Temps de lecture estimé : 12mins

La commissaire de Chaumont-Photo-sur-Loire, Chantal Colleu-Dumond, réunit pour cette troisième édition six photographes répartis en deux catégories : ceux qui prennent la Loire comme source d’inspiration majeure dans trois types de voyages, immobile et cinématographique avec l’artiste américain Jeffrey Blondes, photographique, plastique et formel avec Manolo Chrétien, photographique et animiste avec Henry Roy. Et ceux qui s’ouvrent sur d’autres voyages plus lointains, mais est-ce si sur, tant la permanence de leur écriture propre procède de la même énonciation curieuse et envoutante, là où se découvrent les pans du réel et s’approche la création. Ces Voyages en Corée, au Soudan, au Mexique, ne sont ils pas aussi un flux d’espace-temps dans un écoulement maitrisé du monde comme une pénétration de l’oeil ouvert sur cette photographie qui rend compte et qui énonce. Un même esprit s’empare du monde et fait voyage, c’est à dire raconte…c’est à dire discerne, s’éprend, met en images.

Pour ce premier volet, nous partons en Corée et au Soudan avec Bae Bien-U et Juliette Agnel.
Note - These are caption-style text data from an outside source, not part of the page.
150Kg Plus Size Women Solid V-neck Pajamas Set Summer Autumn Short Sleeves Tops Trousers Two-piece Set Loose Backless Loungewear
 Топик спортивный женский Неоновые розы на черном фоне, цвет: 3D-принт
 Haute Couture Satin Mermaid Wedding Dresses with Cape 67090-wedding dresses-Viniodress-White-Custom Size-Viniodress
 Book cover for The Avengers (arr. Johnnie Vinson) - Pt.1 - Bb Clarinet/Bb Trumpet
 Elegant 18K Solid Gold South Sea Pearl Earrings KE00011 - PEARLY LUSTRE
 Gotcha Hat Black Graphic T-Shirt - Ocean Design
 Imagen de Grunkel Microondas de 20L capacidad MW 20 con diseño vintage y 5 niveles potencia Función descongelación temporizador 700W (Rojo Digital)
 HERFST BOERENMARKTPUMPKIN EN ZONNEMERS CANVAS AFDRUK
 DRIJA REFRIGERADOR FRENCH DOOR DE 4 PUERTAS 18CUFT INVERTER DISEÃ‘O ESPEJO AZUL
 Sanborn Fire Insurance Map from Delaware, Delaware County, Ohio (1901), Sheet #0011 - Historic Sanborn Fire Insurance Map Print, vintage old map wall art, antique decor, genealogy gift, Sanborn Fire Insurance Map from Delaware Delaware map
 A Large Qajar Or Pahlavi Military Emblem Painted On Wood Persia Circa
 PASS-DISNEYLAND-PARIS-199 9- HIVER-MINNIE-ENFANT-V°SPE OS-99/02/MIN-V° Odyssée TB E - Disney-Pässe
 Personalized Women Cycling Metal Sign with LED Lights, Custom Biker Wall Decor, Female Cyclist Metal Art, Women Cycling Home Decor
Bae Bien-U, photographe coréen, présente Orums, dans une photographie faite de noirs et de blancs, essentielle, ascétique, où le noir des collines de l’ île coréenne évoque une géante. Baudelaire déclare dans le salon de 1859 “ « Dans la nature, dans l’art, je préfère, en supposant l’égalité de mérite, les grandes choses à toutes les autres, les grands paysages, les grandes femmes…., et, transformant comme tant d’autres, mes goûts en principes, je crois que la dimension n’est pas une considération sans importance aux yeux de la beauté. »

© Bae Bien U

Ceci n’est pas sans rapport avec l’île aux courbes féminines traitées en silhouettes quand la lumière sommeillante fait les contrastes sonores et calmes, immensité des solitudes où se réfracte le propre silence intérieur du photographe, écrits de lumière et d’ombre, jour et nuit, dans une poétique de l’épure et du dessin, afin que l’entièreté de son regard puisse engouffrer tout le paysage, tout de ses points de vue monumentaux. Un noir s’éprend de la terre, un blanc peint l’air, le ciel immense. Cette vision photographique se source ici en occident dans l’évocation du peintre du noir, Soulages, au cinéma chez Bergman, chez Kurosawa.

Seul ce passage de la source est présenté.